Required action:
The material below holds pictures, which are to be left out; copy exactly the lines from the one with "Handmade wooden toy" through the one with "Rent this 3".
Data to use section start
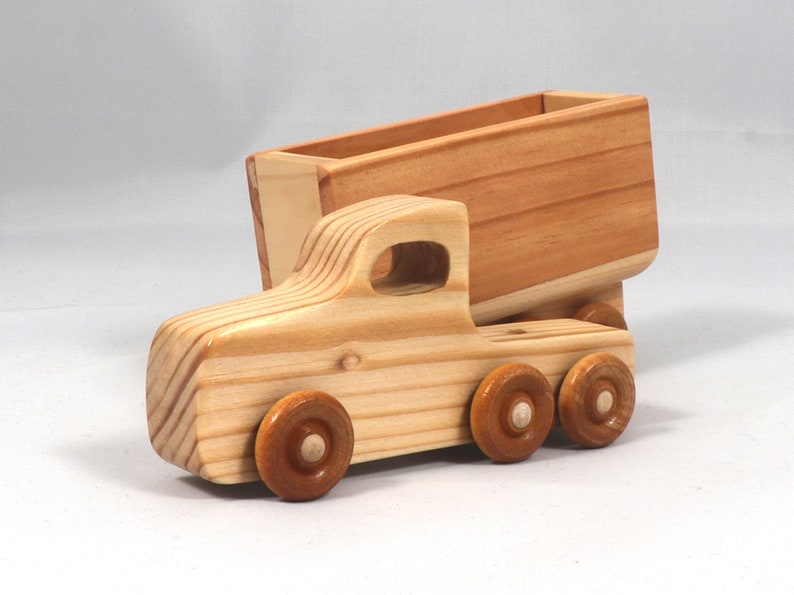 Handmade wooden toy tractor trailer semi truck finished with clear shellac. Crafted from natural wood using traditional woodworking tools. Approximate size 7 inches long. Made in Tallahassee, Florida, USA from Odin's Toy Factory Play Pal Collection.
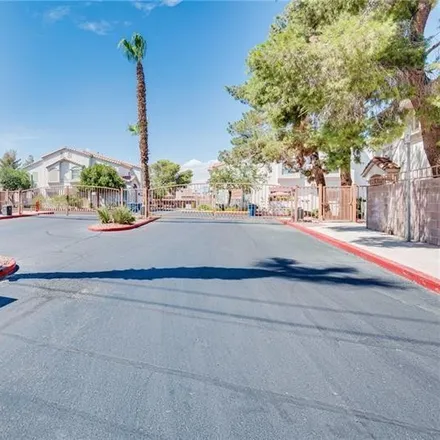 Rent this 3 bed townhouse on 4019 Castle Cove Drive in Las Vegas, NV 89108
Data to use section end
Data to use section start
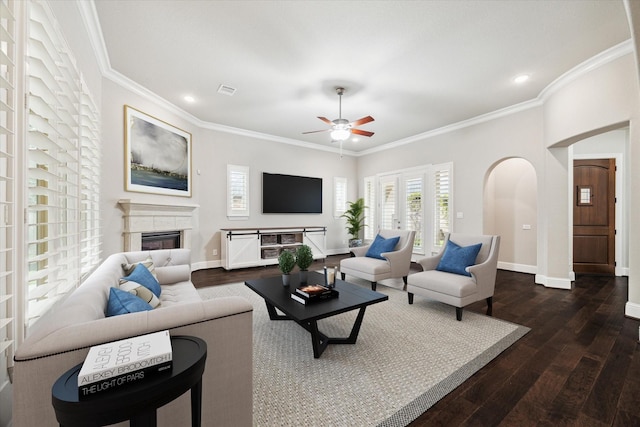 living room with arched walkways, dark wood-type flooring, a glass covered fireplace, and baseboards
Data to use section end
Response to this exercise:
 Handmade wooden toy tractor trailer semi truck finished with clear shellac. Crafted from natural wood using traditional woodworking tools. Approximate size 7 inches long. Made in Tallahassee, Florida, USA from Odin's Toy Factory Play Pal Collection.
 Rent this 3 bed townhouse on 4019 Castle Cove Drive in Las Vegas, NV 89108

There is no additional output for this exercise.